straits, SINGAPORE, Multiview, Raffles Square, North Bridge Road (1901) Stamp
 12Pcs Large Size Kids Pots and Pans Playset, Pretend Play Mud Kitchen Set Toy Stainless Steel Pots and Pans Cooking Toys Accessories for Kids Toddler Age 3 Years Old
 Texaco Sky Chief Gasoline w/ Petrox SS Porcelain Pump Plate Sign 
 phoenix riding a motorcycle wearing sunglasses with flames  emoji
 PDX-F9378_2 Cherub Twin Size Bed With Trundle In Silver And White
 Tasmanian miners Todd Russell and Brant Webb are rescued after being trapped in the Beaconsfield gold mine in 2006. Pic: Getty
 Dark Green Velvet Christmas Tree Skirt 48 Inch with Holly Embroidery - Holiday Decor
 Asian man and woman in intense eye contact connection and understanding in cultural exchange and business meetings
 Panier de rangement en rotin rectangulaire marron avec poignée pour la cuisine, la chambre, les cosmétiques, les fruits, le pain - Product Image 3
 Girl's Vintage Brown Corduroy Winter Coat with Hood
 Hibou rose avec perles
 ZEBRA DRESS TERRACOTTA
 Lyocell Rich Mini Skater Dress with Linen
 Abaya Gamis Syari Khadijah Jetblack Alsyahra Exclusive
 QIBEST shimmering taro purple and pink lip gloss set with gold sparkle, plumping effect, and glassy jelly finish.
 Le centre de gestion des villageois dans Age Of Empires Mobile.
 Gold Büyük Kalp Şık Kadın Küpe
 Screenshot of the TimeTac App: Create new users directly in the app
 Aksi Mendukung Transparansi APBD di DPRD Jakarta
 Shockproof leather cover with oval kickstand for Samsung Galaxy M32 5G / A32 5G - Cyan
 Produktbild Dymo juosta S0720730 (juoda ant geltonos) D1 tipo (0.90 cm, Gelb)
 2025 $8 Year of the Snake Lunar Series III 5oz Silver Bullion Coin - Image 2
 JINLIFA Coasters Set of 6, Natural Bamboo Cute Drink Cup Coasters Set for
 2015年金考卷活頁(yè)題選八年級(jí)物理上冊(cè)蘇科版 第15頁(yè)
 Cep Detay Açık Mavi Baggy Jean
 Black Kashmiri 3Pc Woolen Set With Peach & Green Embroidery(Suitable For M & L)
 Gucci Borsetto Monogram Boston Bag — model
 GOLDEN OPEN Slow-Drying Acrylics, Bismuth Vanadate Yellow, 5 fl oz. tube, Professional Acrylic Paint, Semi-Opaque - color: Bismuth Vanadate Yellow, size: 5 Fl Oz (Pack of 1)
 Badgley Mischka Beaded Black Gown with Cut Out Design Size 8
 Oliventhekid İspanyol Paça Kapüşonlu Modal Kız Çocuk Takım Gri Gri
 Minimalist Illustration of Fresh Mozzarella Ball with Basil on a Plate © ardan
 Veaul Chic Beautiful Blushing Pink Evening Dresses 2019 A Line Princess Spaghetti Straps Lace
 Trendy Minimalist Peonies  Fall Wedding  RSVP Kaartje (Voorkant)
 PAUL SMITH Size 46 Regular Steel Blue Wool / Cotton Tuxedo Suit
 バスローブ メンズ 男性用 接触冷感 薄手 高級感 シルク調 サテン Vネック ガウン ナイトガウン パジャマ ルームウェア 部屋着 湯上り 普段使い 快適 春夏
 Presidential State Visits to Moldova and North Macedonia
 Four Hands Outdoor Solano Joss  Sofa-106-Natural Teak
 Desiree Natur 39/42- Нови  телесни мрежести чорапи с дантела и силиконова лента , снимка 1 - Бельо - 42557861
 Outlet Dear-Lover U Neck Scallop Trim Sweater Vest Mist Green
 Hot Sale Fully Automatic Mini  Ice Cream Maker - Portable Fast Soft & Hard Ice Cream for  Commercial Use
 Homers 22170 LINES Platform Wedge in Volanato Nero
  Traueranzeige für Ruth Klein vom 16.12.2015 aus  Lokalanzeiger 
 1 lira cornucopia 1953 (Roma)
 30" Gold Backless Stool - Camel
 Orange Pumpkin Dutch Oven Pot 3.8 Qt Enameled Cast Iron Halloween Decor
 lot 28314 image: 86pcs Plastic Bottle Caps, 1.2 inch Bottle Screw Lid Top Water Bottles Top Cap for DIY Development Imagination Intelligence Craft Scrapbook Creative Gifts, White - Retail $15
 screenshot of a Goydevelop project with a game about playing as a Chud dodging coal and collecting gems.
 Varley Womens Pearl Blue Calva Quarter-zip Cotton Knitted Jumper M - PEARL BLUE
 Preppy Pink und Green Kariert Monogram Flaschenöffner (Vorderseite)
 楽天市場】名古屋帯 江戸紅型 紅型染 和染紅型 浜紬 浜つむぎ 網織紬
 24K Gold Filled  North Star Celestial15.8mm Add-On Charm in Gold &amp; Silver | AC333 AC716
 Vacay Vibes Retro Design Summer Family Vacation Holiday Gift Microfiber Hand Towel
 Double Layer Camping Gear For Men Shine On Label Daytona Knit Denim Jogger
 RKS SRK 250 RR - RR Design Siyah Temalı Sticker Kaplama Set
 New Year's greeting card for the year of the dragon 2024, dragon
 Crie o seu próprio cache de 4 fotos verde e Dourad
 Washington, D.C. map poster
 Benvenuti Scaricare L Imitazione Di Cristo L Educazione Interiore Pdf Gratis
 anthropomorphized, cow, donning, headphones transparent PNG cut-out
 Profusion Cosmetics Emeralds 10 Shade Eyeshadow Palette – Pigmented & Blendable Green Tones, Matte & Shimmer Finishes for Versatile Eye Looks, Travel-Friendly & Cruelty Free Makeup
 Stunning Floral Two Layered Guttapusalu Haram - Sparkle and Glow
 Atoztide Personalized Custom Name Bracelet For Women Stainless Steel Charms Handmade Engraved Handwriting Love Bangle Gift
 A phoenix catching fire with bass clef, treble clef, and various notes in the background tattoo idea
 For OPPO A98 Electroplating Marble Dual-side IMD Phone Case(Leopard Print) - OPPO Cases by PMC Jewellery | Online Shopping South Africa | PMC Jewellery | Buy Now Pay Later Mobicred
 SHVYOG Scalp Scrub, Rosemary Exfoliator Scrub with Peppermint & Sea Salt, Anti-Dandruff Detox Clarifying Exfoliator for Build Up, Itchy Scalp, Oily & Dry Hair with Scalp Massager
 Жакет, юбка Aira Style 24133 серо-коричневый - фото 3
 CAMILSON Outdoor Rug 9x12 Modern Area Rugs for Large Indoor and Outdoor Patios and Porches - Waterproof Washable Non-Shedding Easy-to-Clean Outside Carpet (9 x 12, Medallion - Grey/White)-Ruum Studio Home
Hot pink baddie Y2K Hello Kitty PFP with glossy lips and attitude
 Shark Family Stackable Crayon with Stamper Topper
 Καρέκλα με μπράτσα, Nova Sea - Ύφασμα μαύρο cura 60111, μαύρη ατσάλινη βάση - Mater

# TASK INSTRUCTIONS
From the first line of the records through the line with "Produktbild Dymo juosta", retype everything word for word, including both ends.

# WRITTEN RESPONSE
straits, SINGAPORE, Multiview, Raffles Square, North Bridge Road (1901) Stamp
 12Pcs Large Size Kids Pots and Pans Playset, Pretend Play Mud Kitchen Set Toy Stainless Steel Pots and Pans Cooking Toys Accessories for Kids Toddler Age 3 Years Old
 Texaco Sky Chief Gasoline w/ Petrox SS Porcelain Pump Plate Sign 
 phoenix riding a motorcycle wearing sunglasses with flames  emoji
 PDX-F9378_2 Cherub Twin Size Bed With Trundle In Silver And White
 Tasmanian miners Todd Russell and Brant Webb are rescued after being trapped in the Beaconsfield gold mine in 2006. Pic: Getty
 Dark Green Velvet Christmas Tree Skirt 48 Inch with Holly Embroidery - Holiday Decor
 Asian man and woman in intense eye contact connection and understanding in cultural exchange and business meetings
 Panier de rangement en rotin rectangulaire marron avec poignée pour la cuisine, la chambre, les cosmétiques, les fruits, le pain - Product Image 3
 Girl's Vintage Brown Corduroy Winter Coat with Hood
 Hibou rose avec perles
 ZEBRA DRESS TERRACOTTA
 Lyocell Rich Mini Skater Dress with Linen
 Abaya Gamis Syari Khadijah Jetblack Alsyahra Exclusive
 QIBEST shimmering taro purple and pink lip gloss set with gold sparkle, plumping effect, and glassy jelly finish.
 Le centre de gestion des villageois dans Age Of Empires Mobile.
 Gold Büyük Kalp Şık Kadın Küpe
 Screenshot of the TimeTac App: Create new users directly in the app
 Aksi Mendukung Transparansi APBD di DPRD Jakarta
 Shockproof leather cover with oval kickstand for Samsung Galaxy M32 5G / A32 5G - Cyan
 Produktbild Dymo juosta S0720730 (juoda ant geltonos) D1 tipo (0.90 cm, Gelb)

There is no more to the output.